**Assignment**
All of the records below are to be printed exactly; the pictures are to be left out.

+++ Materials provided +++

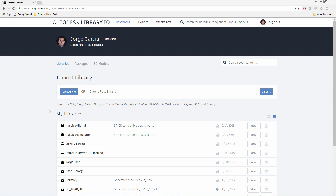As you can see, I'm already logged in to Library.io using my Autodesk account, and here in the Library section we have the Import Library functionality. You've always been able to upload Eagle libraries through here, but we now have the ability to convert Altium Designer, Circuit Studio, and Orcad Capture libraries.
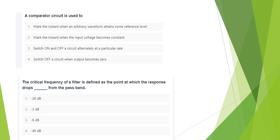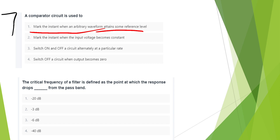The comparator circuit is used to mark the instant when an arbitrary waveform attains some reference level.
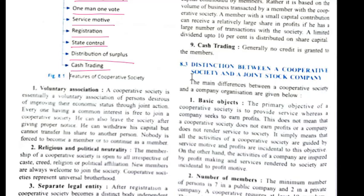Second is religious and political neutrality. This means there is no scope for religion and politics in the cooperative society. The membership is open to all irrespective of their caste, creed, religion, or political affiliations. New members are always welcome to join the society. Cooperative societies represent universal brotherhood — they accept everyone.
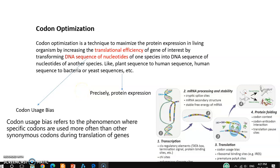Hello friends, welcome back to my channel. In this tutorial video I'll be focusing on codon optimization — what is codon optimization and detailed information I'll give you by this discussion, so stay tuned and watch this video till the end.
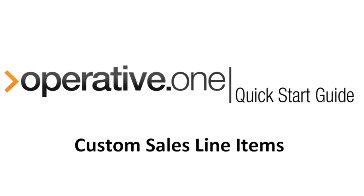You can create custom fields for sales line items to collect information not captured by standard fields. Custom fields for sales line items help define additional fields which you can use for reporting, data feeds, and general reference.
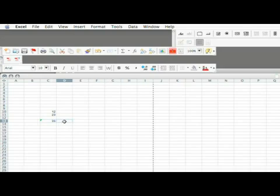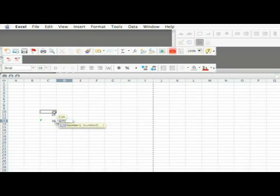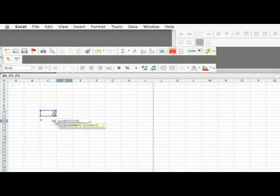Alternatively, you can hand type it. You click equal, sum, open a bracket, highlight whatever needs to be added, and close your bracket.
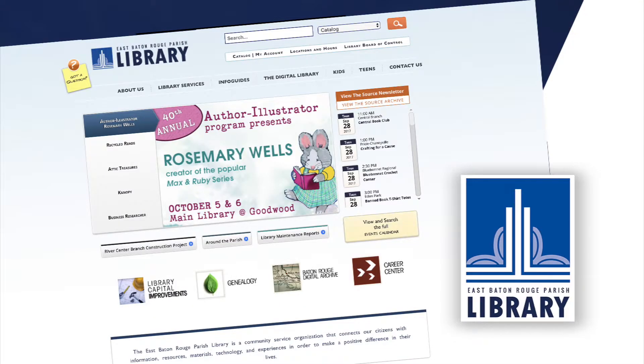Other new resources in the Digital Library include CQ Researcher, Sage Business Researcher, Gale Small Business Builder, and LexisNexis. Check it out at ebrpl.com.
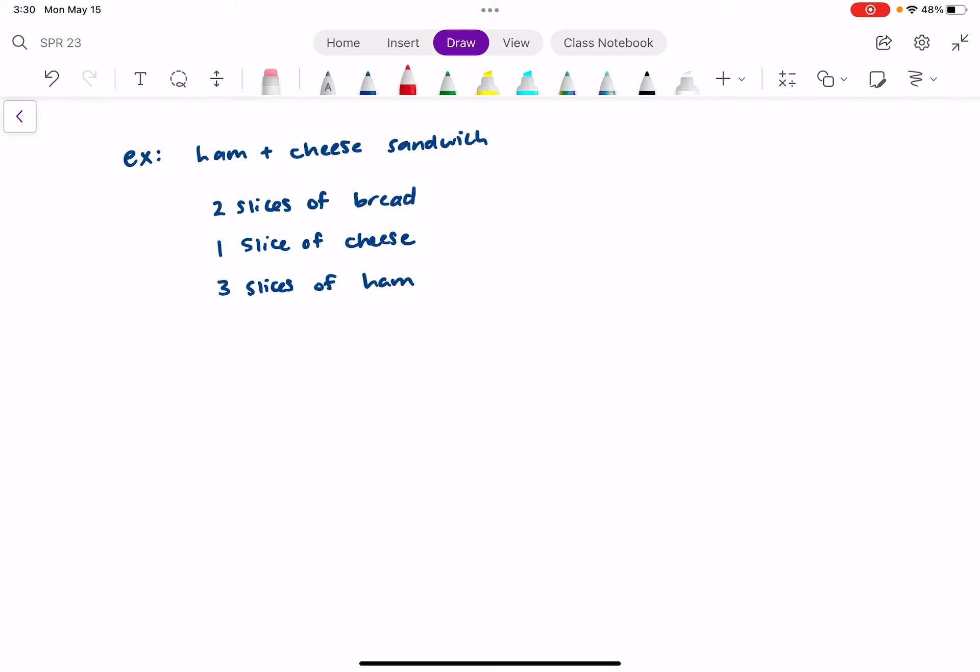But you got so busy studying for chemistry class that you forgot you had to do that. So it's an hour before the potluck and you're like, oh my gosh, I still have to make something for the potluck — I forgot to buy anything. You go into your kitchen, and the only thing you have is stuff to make ham and cheese sandwiches.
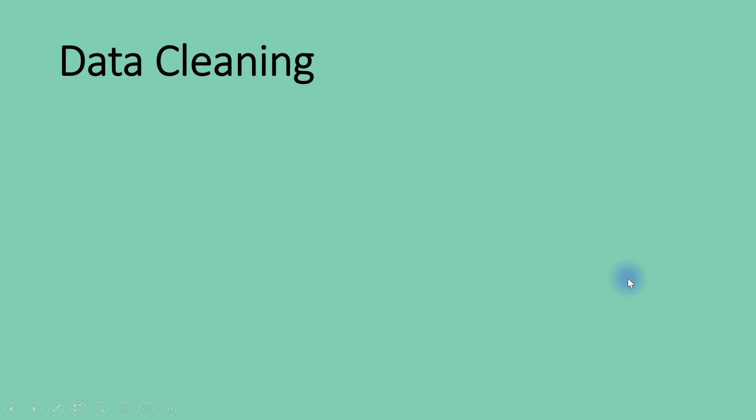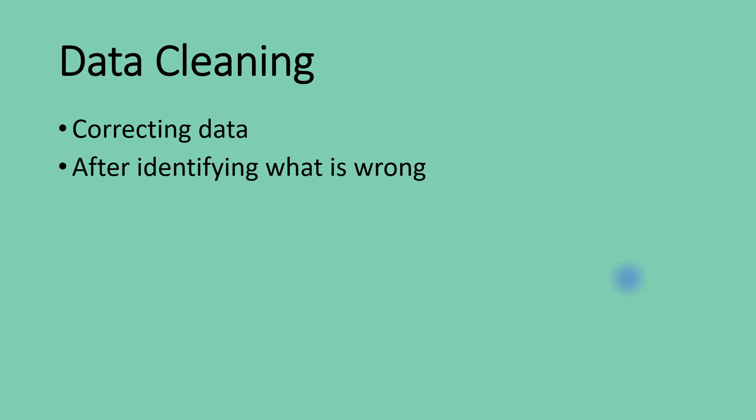It's now time to use Power Query to clean some dirty data. When we say data is dirty and requires cleaning, it simply means we have certain things to correct about the data, either in relation to the structure or the content.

+++

**Written solution**
As you can see, I'm already logged in to Library.io using my Autodesk account, and here in the Library section we have the Import Library functionality. You've always been able to upload Eagle libraries through here, but we now have the ability to convert Altium Designer, Circuit Studio, and Orcad Capture libraries.
The comparator circuit is used to mark the instant when an arbitrary waveform attains some reference level.
Second is religious and political neutrality. This means there is no scope for religion and politics in the cooperative society. The membership is open to all irrespective of their caste, creed, religion, or political affiliations. New members are always welcome to join the society. Cooperative societies represent universal brotherhood — they accept everyone.
Hello friends, welcome back to my channel. In this tutorial video I'll be focusing on codon optimization — what is codon optimization and detailed information I'll give you by this discussion, so stay tuned and watch this video till the end.
You can create custom fields for sales line items to collect information not captured by standard fields. Custom fields for sales line items help define additional fields which you can use for reporting, data feeds, and general reference.
Alternatively, you can hand type it. You click equal, sum, open a bracket, highlight whatever needs to be added, and close your bracket.
Other new resources in the Digital Library include CQ Researcher, Sage Business Researcher, Gale Small Business Builder, and LexisNexis. Check it out at ebrpl.com.
But you got so busy studying for chemistry class that you forgot you had to do that. So it's an hour before the potluck and you're like, oh my gosh, I still have to make something for the potluck — I forgot to buy anything. You go into your kitchen, and the only thing you have is stuff to make ham and cheese sandwiches.
It's now time to use Power Query to clean some dirty data. When we say data is dirty and requires cleaning, it simply means we have certain things to correct about the data, either in relation to the structure or the content.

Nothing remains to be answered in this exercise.